After all, German-Israeli relations are not without difficulties these days. A recent survey conduct by the Forsa research institute found that 58 percent of Germans consider Israel to be foreign. The German-Jewish publicist Michael Wolffsohn recently summed up the situation in comments to the daily Die Welt, saying that "the German-Israeli friendship is limited to a tiny portion of the political and media classes." The recent scandal over the Israel poem by German Nobel laureate Günter Grass, which was highly critical of Israeli threats to attack Iran, highlighted the difficulties that many Germans have with embracing Israel.
Not Happy with Progress on Peace
The challenge has always been that of balancing Germany's historical guilt for perpetrating the Holocaust with the more recently developed sympathy for the plight of the Palestinians. Chancellor Angela Merkel has walked this fine line with mixed results. In 2010, she declared that Israel's security was "a part of Germany's raison d'etre," a comment for which she was heavily criticized domestically.
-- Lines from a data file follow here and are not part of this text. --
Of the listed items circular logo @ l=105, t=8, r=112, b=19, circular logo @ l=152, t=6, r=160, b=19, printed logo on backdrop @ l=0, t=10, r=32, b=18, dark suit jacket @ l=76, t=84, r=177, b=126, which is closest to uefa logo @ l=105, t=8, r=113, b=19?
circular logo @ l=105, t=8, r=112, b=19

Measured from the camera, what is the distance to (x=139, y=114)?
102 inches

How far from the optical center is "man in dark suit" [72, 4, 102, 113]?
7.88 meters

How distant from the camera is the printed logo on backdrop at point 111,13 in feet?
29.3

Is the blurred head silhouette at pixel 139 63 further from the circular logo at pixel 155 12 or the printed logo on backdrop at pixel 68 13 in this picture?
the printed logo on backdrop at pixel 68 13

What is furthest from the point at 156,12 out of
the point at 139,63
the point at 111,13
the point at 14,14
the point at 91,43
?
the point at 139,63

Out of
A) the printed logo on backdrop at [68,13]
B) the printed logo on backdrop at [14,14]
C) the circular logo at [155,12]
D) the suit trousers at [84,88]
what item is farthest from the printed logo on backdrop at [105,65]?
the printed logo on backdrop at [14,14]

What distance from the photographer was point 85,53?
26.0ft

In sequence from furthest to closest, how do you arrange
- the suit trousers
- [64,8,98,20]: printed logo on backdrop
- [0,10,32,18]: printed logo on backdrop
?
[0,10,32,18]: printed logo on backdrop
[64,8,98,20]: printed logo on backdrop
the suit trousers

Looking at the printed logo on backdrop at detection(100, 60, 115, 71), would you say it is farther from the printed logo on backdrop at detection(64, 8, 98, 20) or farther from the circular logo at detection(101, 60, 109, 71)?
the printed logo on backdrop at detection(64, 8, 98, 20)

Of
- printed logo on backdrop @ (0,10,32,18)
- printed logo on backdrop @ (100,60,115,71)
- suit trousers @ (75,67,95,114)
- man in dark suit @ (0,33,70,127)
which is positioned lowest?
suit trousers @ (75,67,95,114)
She has also, however, made it clear to Israeli Prime Minister Benjamin Netanyahu that she is not happy with his progress on peace. When Netanyahu called Merkel in February 2011 to communicate his displeasure with Germany's vote in favor of a Palestinian proposal to condemn Israeli settlement construction on the West Bank, Merkel lost her patience. "How dare you!" she responded according to the Israeli daily Haaretz. "You are the one who disappointed us. You haven't made a single step to advance peace."
Gauck, by all accounts, has thus far had more success in his attempt to walk the same tightrope. Prior to the state visit, Dieter Graumann, head of the Central Council of Jews in Germany, had voiced his hope that "hopefully the president will contribute to a fairer and more understanding approach to Israel." Following his Yad Vashem appearance, Graumann said that Gauck was very much on the right track.
Even members of his entourage have been surprised with the apparent ease that Gauck, who has little experience on the global political stage, has navigated the difficult terrain of German-Israeli relations. His message has been clear: Germany stands firmly at the side of Israel, Germany supports a two-state solution to the Middle East conflict, and Germany hopes to avoid a military confrontation with Iran.
Nowhere was that message better visible than at his welcoming banquet on Monday evening. When Israeli President Shimon Peres assured Gauck that Israel was at the "zenith" of the process towards realizing the two-state solution with the Palestinians, Gauck gently countered that "only courageous steps will make it possible to overcome the stasis in the peace process."
Gauck still has several touchy meetings to go, though. On Wednesday afternoon, he is scheduled to sit down with Netanyahu. On Thursday, a visit to Ramallah for talks with the Palestinian Authority is planned.
But even before he left, the German president said that the success of his visit would depend on striking the right tone. So far, he has been a maestro.